The planes provided were pretty basic, and as mentioned above the decals for the air group consisted only of British roundels, too big by a factor of 2. So I had to make my own using decal film and a laser printer. There were also no propellers, so I made them by glueing individual pieces of railing. The Gannets had 8 blades (2 x 4 counter-rotating), the Seafires 6 (again, 2 x 3 counter rotating; I assumed a late Mk47 model), and the Sea Furies 5.
By far the biggest challenge were the helicopters. There were deep mold sinks on the sides, and the rotor blades provided in the kit were very inaccurate, as seen in the picture to the left. New blades (longer, thinner) were made from Evergreen strips (#100), and the rotor "head" was clipped at its base to allow a more natural distance. Finally, because the stencils were white on dark blue, they had to be made in white decal film, with printed white letters on a near-matching blue background. Finding the match was the trick, and this took many attempts. A lot of Microsol later, and with some weathering, the "ROYAL NAVY" and number stencils seem to blend OK, from a distance at least. The instructions request "yellow-orange" for the upper part of the fuselage, and this does not seem far from the images from the Imperial War Museum collections (like this one), if one accounts from some fading. The lower part was also painted in XF-50.
Diorama sea base
After completing the model I came across videos like this one, which teach techniques for creating an ocean diorama base for waterline models.

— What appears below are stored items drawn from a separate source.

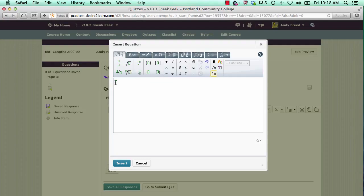To enter equations in the graphical editor, you will both click buttons that show the equations and symbols that you wish to use, as well as type in numbers and letters on your keyboard.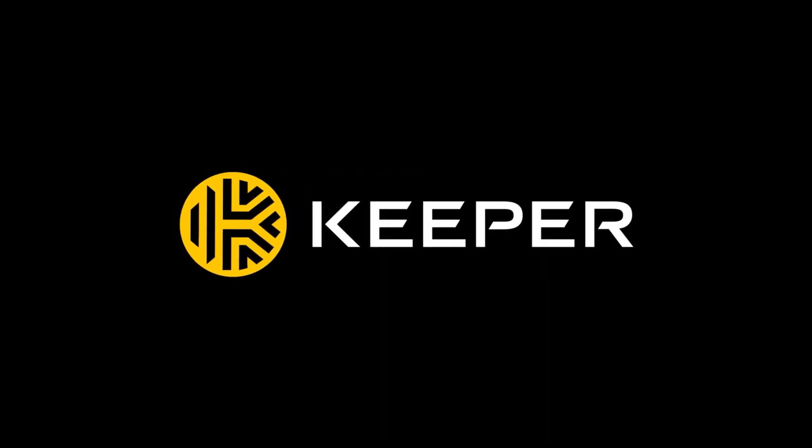Don't let weak passwords put you at risk. Use a password manager like Keeper to create strong passwords and stay secure online.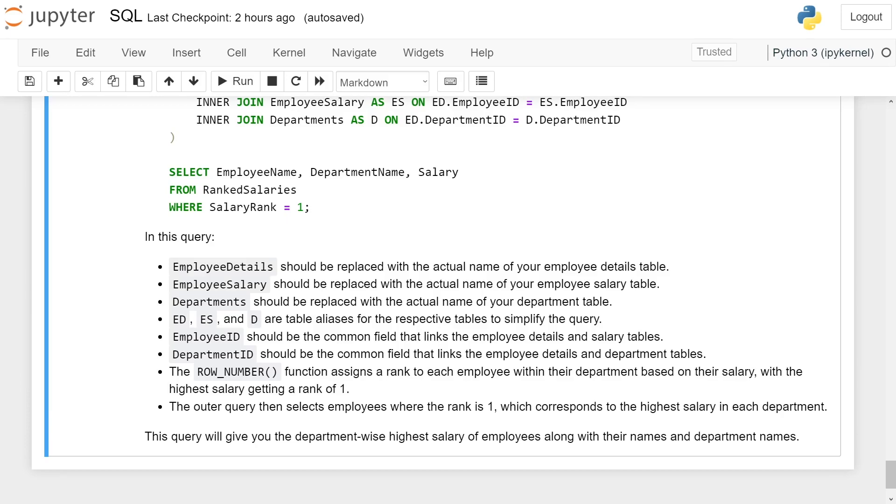The ROW_NUMBER function assigns a rank to each employee within their department based on their salary, with the highest salary getting a rank of 1. The outer query then selects employees with rank 1, which corresponds to the highest salary in each department.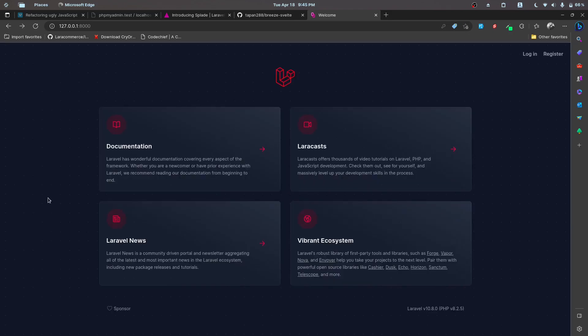I wanted to ask you all one more thing. I do have some content planned around the Svelte and Inertia stack. I did some research on Google and YouTube and didn't find much content around it, so I'm thinking of creating some content around the Svelte and Inertia stack. Let me know what you think — should I create content around this stack? I really want to hear your opinions. That's it for this one, and I'll see you guys in the next one.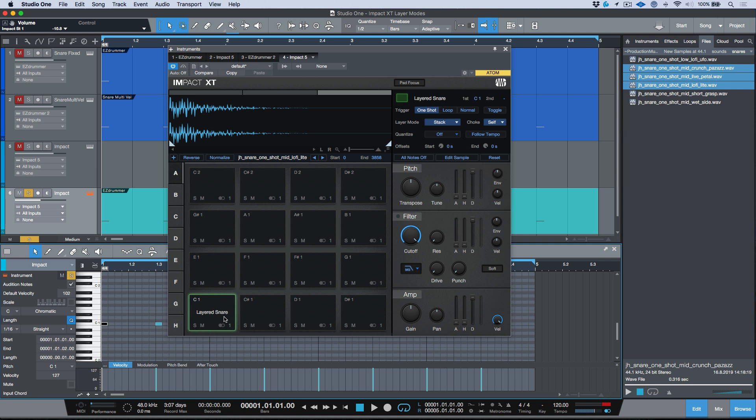So that's using the stack layer mode with Impact XT and more specifically using the edit sample mode to edit any offsets so that you can map out multiple samples to one pad. And again, this is something that was referred to as something completely different in the previous version of Impact—I think it was polyphonic mode versus monophonic mode or something like that.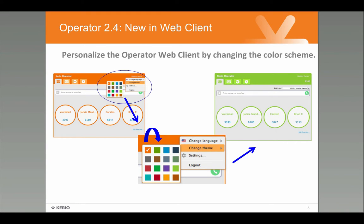As well as being able to brand Kyrio Operator with your company logo, you can furthermore make it blend in with your other line of business applications by changing the colour scheme. Here at Kyrio we like orange, but for your company perhaps you like green or a more neutral theme — you can select a colour so that Operator matches the other line of business applications that you have.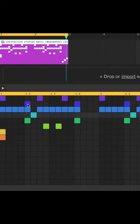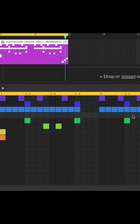Maybe add a kick right before the snare on the tubes, and change up this hi-hat and stick pattern.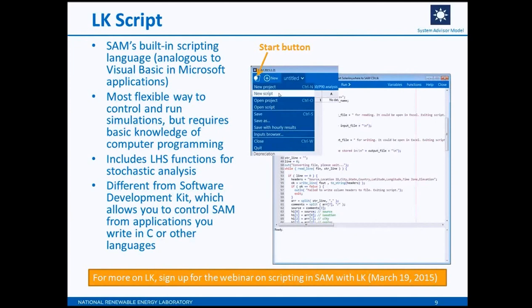Now the simulation options — there are three of them. Parametrics allows you to assign more than one value to one or more input variables. In the new version of SAM, you use a table to assign values to the input variables, and we'll see how to do that.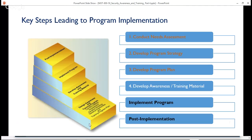These are the steps leading to program implementation. You start with conducting your needs assessment, developing your program strategy, developing your program plan for implementing the strategy, and developing your awareness and training material. Then you implement the program. And in the last video, it will be about the post-implementation activities.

I pretty much followed the video tutorial. The only supply that was different was the acrylic gel, which I sourced from a local company (Global Colours Professional Regular Gel Gloss).
This technique is so good that even noobs like me can do something decent in their first attempt.
Deck parts joined, filled and undercoated with diluted Mr. Surfacer 1000. Note the really heavy raised detail, which I subsequently sanded down a lot.
Detail showing some problems in the front part of the deck, where you see two nasty mould ejector sink marks. A rectangular one, corresponding to the region where the elevator well attaches (from underneath), and circular one, between the catapults.
After some filling and sanding, the flight deck is painted. If you squint you can see where I managed to break the deck into two, just near where the yellow landing strip ends. A lot of sanding and filling later, the result is almost imperceptible. This has also helped reduce the problem with sink marks.
Deck markings added, and all coated with floor polish to seal the decals in.
Hull section painted: undercoats, followed by Tamiya acrylics. Note that the waterline is not level; this required some "straightening" before joining to the flight deck.